Makes an API request using the specified `method` (default is "GET") and stores the response in the specified `output` variable. The `url` for the request is taken from the input provided, which can be populated with variables from the recipe context.

The request can be configured with headers parameter, if needed. The headers parameter is a dictionary of key-value pairs for the request headers.

Here is an example of how to use the api_request command in a recipe:

{
  "command": "api_request",
  "output": {
    "name": "JSON"
  },
  "url": "https://itunes.apple.com/search?media=software&limit=6&explicit=YES&term=$INPUT",
  "config": {
    "method": "GET",
    "headers": {
      "Authorization": "Bearer 1Zv7ttfk8LF81IUq1",
      "Client-Language": "en"
    }
  },
  "description": "Retrieves a JSON response from the iTunes API with information on software matching the search term provided in the input."
}

Store information:

store: Save any text.

Saves a text.
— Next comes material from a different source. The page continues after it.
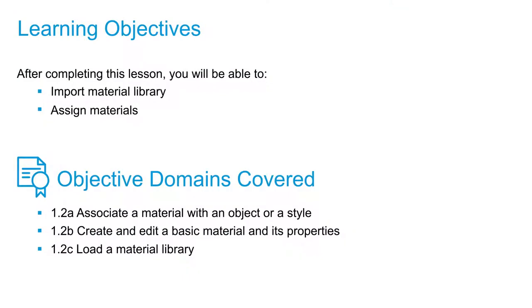In this video, we are going to add materials to the walls that we created. To do this, we will be using the Paint tool to apply materials located in the Material Library and Asset Browser.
Specific inputs: input (text to be stored), output (dictionary name for the output)

{  
  "command": "store",
  "input": "This text has the variable $URL",
  "output":{  
     "name":"DESCRIPTION2"
  },
  "description":"Saves the text defined by the recipe creator"
}

store_attribute: Save an attribute of a CSS selector

Saves the attribute indicated associated to the html node. Specific inputs: locator (css selector), attribute_name (attribute to retrieve), output (dictionary name for the output)

{  
  "command":"store_attribute",
  "locator":"#main > div > div.findSection > table > tbody > tr:nth-child(1) > td.result_text > a",
  "attribute_name":"href",
  "output":{  
     "name":"URL1"
  }
}

store_text: Save the text on a CSS selector

Saves the full text of the html node. It removes every html tag retrieving the full text the user would see opening the website. Specific inputs: locator (css selector), output (dictionary name for the output)

{  
  "command":"store_text",
  "locator":"#main > div > div.findSection > table > tbody > tr:nth-child(1) > td.result_text",
  "output":{  
     "name":"TITLE1"
  }
}

store_array: Saves an array of text from a CSS selector

Saves the full text of the html node. It removes every html tag retrieving the full text the user would see opening the website. Keep the text into an array Specific inputs: locator (css selector), output (dictionary name for the output)

{
	"command": "store_array",
	"locator": "#main > div > div.findSection > table > tbody > tr:nth-child(1) > td.result_text",
	"output": {
		"name": "TAGS"
	},
  "description": "Find a variable and keep it in an array"
}

store_url: Save url currently loaded on the webview

Saves the url that is currently opened. Specific inputs: output (dictionary name for the output)

{  
  "command":"store_url",
  "output":{  
     "name":"URL"
  },
  "description":"Saves the URL of the detail"
}

json_store_text: Save the text on a JSON path

The json_store_text command allows to extract data from a JSON and store it in a specified output.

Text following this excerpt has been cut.